A Chance to Redistribute Risks?
Writing in 1961, the New Haven School international lawyers Myres McDougal and Florentino Feliciano described economic coercion, like the measures then being unrolled by the Kennedy Administration against Cuba, as “inescapable in the ordinary relations of states.” Those who asserted otherwise, they suggested, were at best misguided idealists. Today, an increasingly similar approach to the issue seems to be taking hold in Beijing.
For the global LPE community, it should be a cause for concern that Beijing, and potentially other emerging powers, are more openly embracing Washington-style economic weaponization rather than pursuing efforts to legally constrain it. It is also worrisome that they do so alongside a general rise of centralized Executive rule, aided by nationalist justifications co-opting legitimate dissatisfactions over decades of destructive policy prescriptions imposed by Washington Consensus fiat. These new trends raise the specter of an essentially Schmittian dynamic of arbitrary coercion being applied on an administrative basis, from a set of unchecked Executives with broad delegated powers to a wide range of global targets susceptible to their “transnational legal processes.”
In short, China’s accretion of economic coercive power is probably best viewed not through the lens of a “relative rise of the periphery” – e.g., the G77 asserting autonomy vis-à-vis the G7 – but rather as the (re)fragmentation of global political economy into multiple centers, with their own shifting peripheries. The relative decline of dollar power over time may blunt the edge of some of today’s sanctions, but it is also possible that cruder forms of pressure, such as secondary sanctions or even Gaza-style blockades, could see a resurgence, especially within the “great spaces” claimed by regional hegemons seeking to exclude rival influences. By analogy, at the domestic level, there are already indications that mutual exclusion efforts in the US and China have led to a deterioration of legal norms and procedural safeguards.

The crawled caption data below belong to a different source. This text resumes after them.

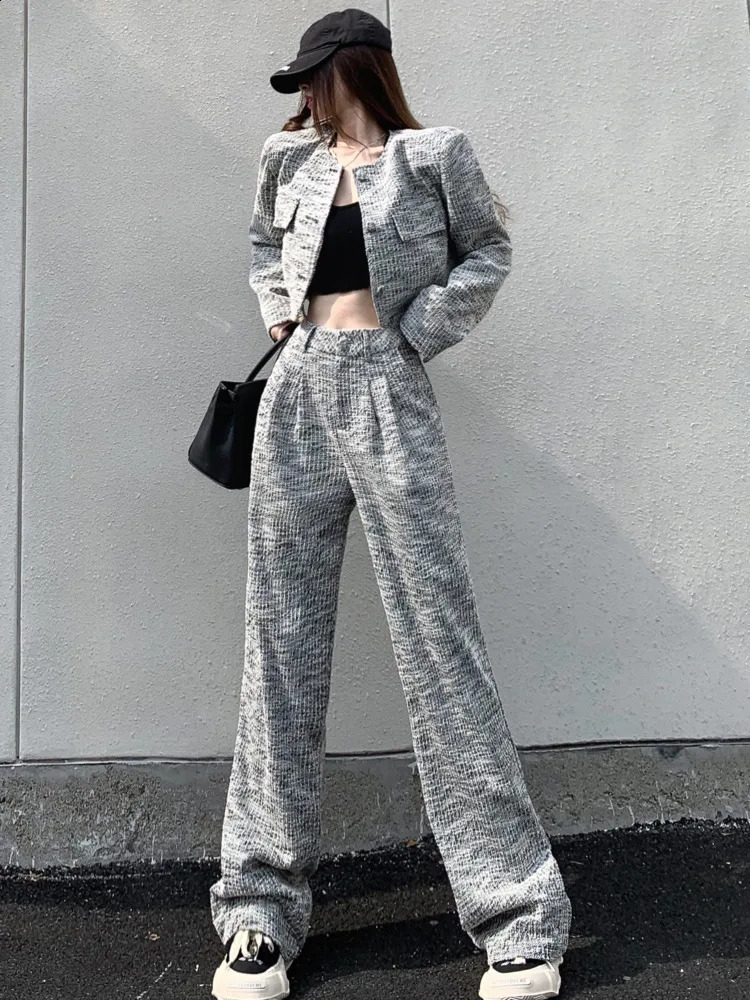 perfume tweed two-piece womens jacket jackethigh waist wide leg pants suit fashion casual two-piece suit 240925
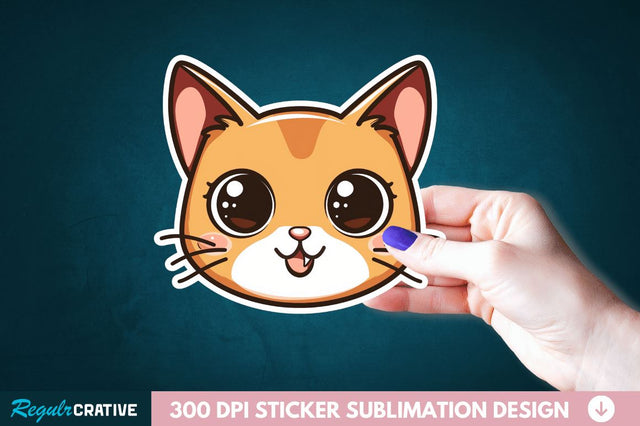 Cute Cat Face Sticker Clipart Sublimation Regulrcrative 
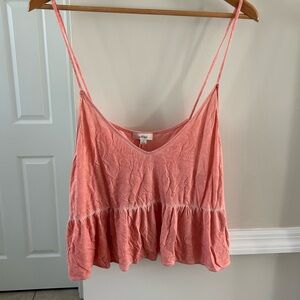 Wilfred | Cropped Coral Peplum Tank Top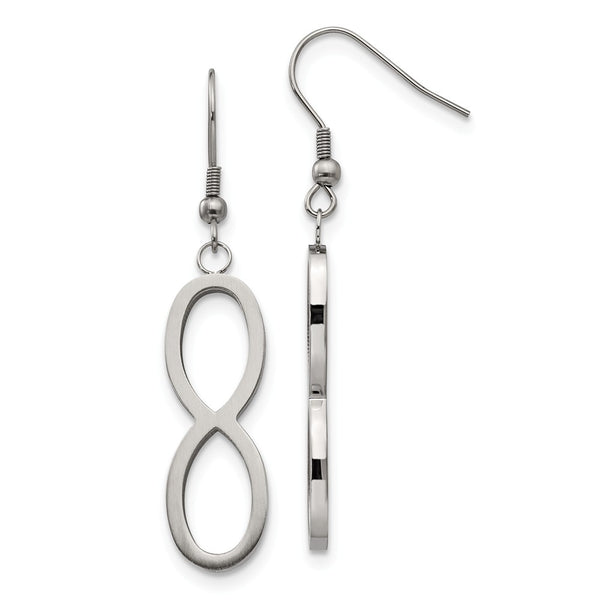 Stainless Steel Brushed/Polished Dangle Infinity Earrings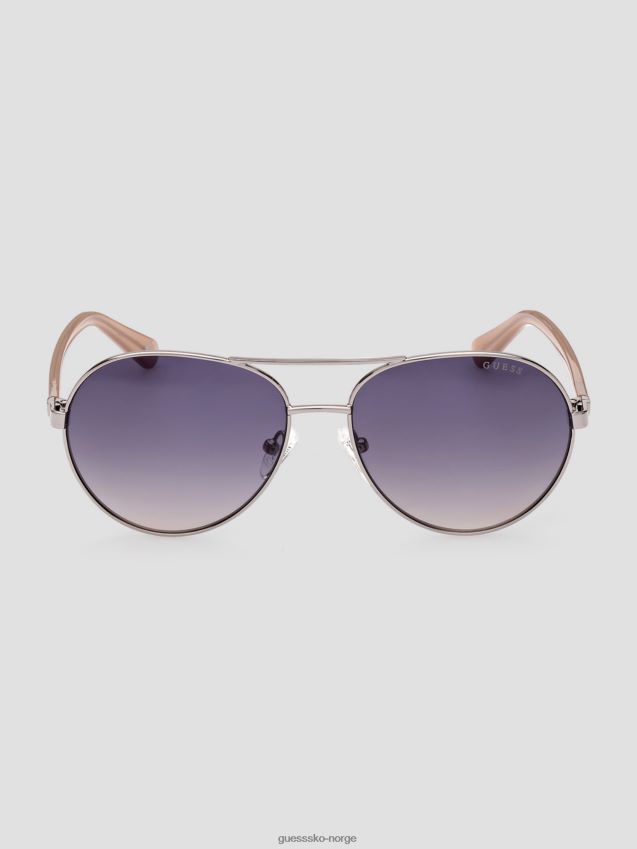Guess gullfargede aviator solbriller sølv sølv unisex F0LJ8010290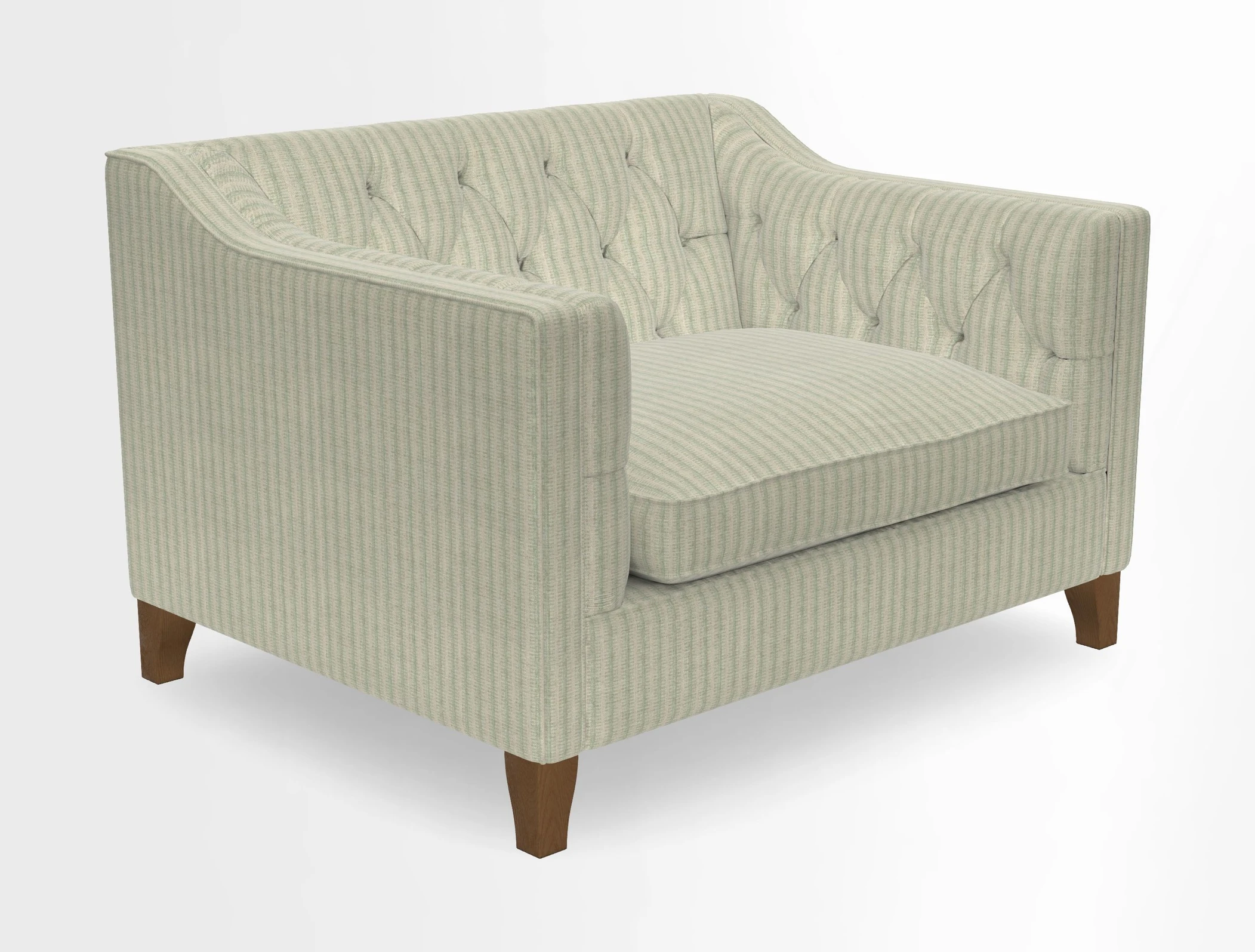 Haresfield Snuggler Dipped Arms in Mohair Lichen Seat Cushion in RHS Gertrude Jekyll Meadow Flower Olive and Scatters in RHS Gertrude Jekyll Folklore Olive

Still, to the extent that Western policymakers find themselves writing reports and engaging in multilateral coordination to oppose “China’s economic coercion,” it may well be the case that scholars, practitioners, and activists can push for some meaningful policy improvements. For example, one way that Washington (or, indeed, Brussels or Beijing) could compete to obtain additional diplomatic buy-in for its sanctions initiatives would be to explicitly frame them in terms of proportionality principles derived from international humanitarian law. Another agenda that policymakers and their legal advisors might consider is to more actively promote the (re)inclusion of economic coercion as a form of relevant conduct that currently remains absent in leading definitions of crimes against humanity or the crime of aggression.
If Washington’s newest policy catchword for US-China relations, “derisking,” were taken seriously as a concept applicable outside of parochial interests – i.e., as something like a genuine shared good, especially relevant for the world’s most vulnerable populations – then the above, and other pathways to economic disarmament, should no longer be marginalized.